▶ THE TASK: Every line of the material must be restated exactly, though not its pictures.

Top of GIVEN MATERIAL

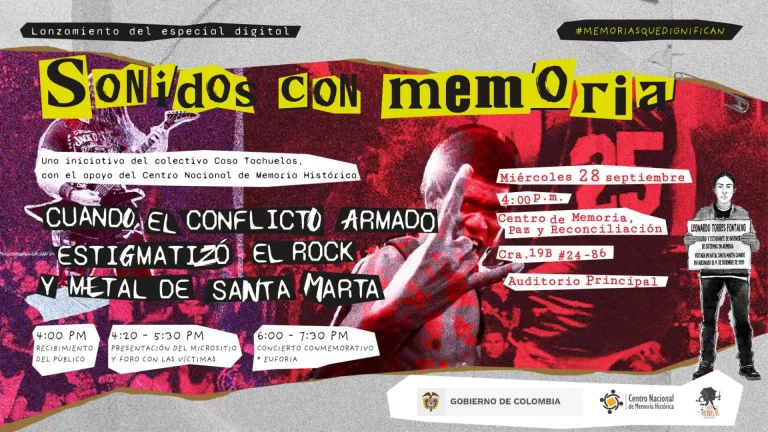 ‘Sonido con memoria’: sitio web y concierto | Centro de Memoria Paz y Reconciliación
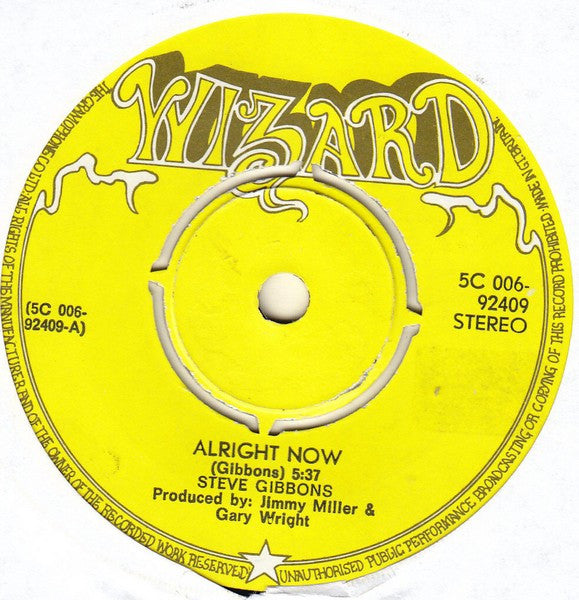 Steve Gibbons : Alright Now (7", Single)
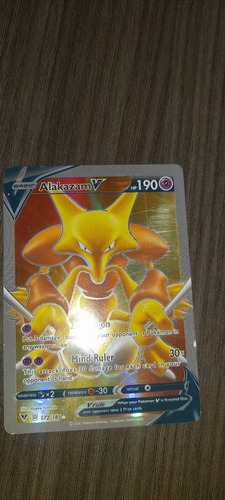 Carta Pokémon Alakazam Zen Spoon Dorada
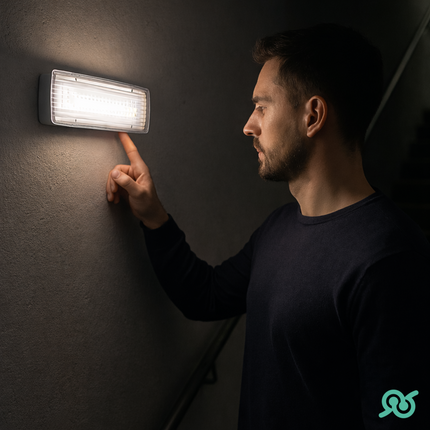 Lampada Autonoma per Illuminazione di Emergenza da 50 Led con Batteria Integrata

Bottom of GIVEN MATERIAL

▶ EXERCISE RESULT:
 ‘Sonido con memoria’: sitio web y concierto | Centro de Memoria Paz y Reconciliación
 Steve Gibbons : Alright Now (7", Single)
 Carta Pokémon Alakazam Zen Spoon Dorada
 Lampada Autonoma per Illuminazione di Emergenza da 50 Led con Batteria Integrata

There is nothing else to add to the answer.